Aku Memeluk Bapak untuk Terakhir Kalinya







Kadang ... aku ingin menangis. Apalagi kalau ingat bagaimana kerasnya usaha bapak untuk menyekolahkanku.

"Jenny, pokoknya kamu harus kuliah! Kamu itu anak yang pintar. Bapak tahu itu. Sudahlah, kamu tenang saja. Bapak pasti akan usahakan buat kamu. Biar kamu bisa jadi orang."

Sebenarnya, aku ingin membantah perkataan bapak. Aku sudah bilang, aku tak mau kuliah. Tapi bapak bersikeras.

Aku tahu keadaanku pas-pasan. Ibu sudah meninggal setelah melahirkanku.

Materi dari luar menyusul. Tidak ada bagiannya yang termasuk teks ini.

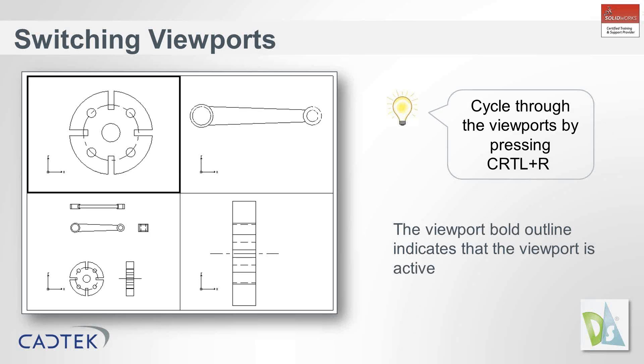The next item we're going to look at is how you can toggle between different viewports. On the screenshot behind me, you can see that we've got this black outline on the top left hand view.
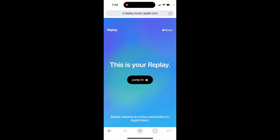In my case, I had a paid subscription to Apple Music but then I cancelled it, and I still can't use this. It's a bit weird that they locked it under subscription, but there you have it.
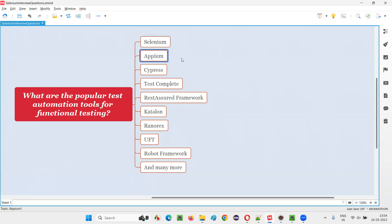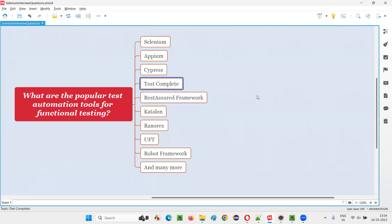Then we have Appium, which is for automating mobile applications. Then we have Cypress for web applications, TestComplete, which can automate web, mobile, and APIs, and RestAssured framework for automating APIs.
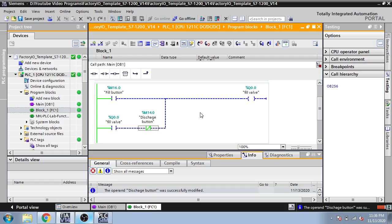Set and reset is basically like latching and unlatching. I don't use latch and unlatch anymore because when we need latching in our program, we use set and reset — it makes the program easier. So thank you very much for watching my videos.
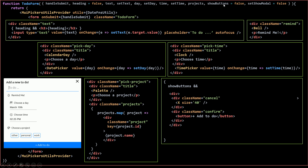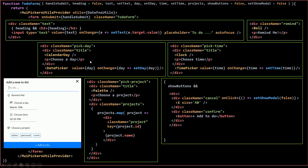If showButtons is true then I also need to pass in setShowModal, because I need to add an onClick event to the cancel/X button to close the modal. When I click on it I'll call setShowModal and set it to false. Now let's go and call our TodoForm component from both our add new to-do component and our edit to-do component.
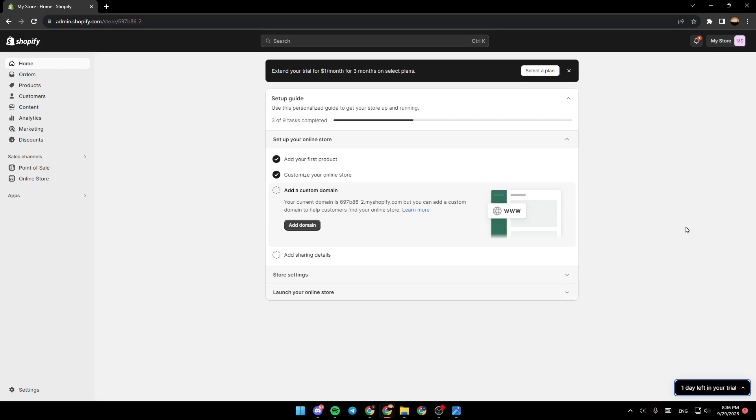As you can see, I am right now in my Shopify admin panel. The first thing that you need to do is go to the left side of your screen. Once you're here, go all the way down until you find Settings. Once you find the Settings, go ahead and click on it.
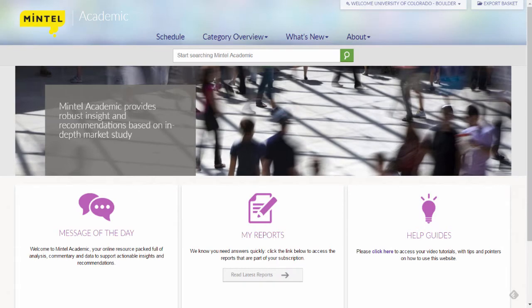Hi, welcome to Finding Consumer Trends in MinTel Academic. MinTel Academic contains comprehensive market research reports on consumer trends, brand share dynamics, and market drivers.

Betapa tidak adilnya dunia ini. Aku bahkan tak pernah tahu bagaimana rupa ibuku.

Kadang ... aku berpikir, apakah aku harus
menangis bila aku berhasil diterima di Perguruan Tinggi Swasta ini. Universitas tempat anak orang berada.

Aku masuk universitas ini karena diajak Claudia, sahabat baikku. Iseng-iseng, aku mendaftar lewat jalur PMDK dan aku diterima di grade A. Lagi pula, aku tidak diterima di universitas negeri.

Aku memilih Fakultas Hukum, sama seperti Claudia, sahabatku. Anak pengusaha properti kaya raya yang dulu hidupnya pas-pasan.

Sekarang, Claudia menjadi gadis kaya yang cantik dan juga modis. Gadis yang selalu menyetir mobil buatan Jepang, selalu memakai baju-baju branded, dengan credit card yang berjejer di dompetnya.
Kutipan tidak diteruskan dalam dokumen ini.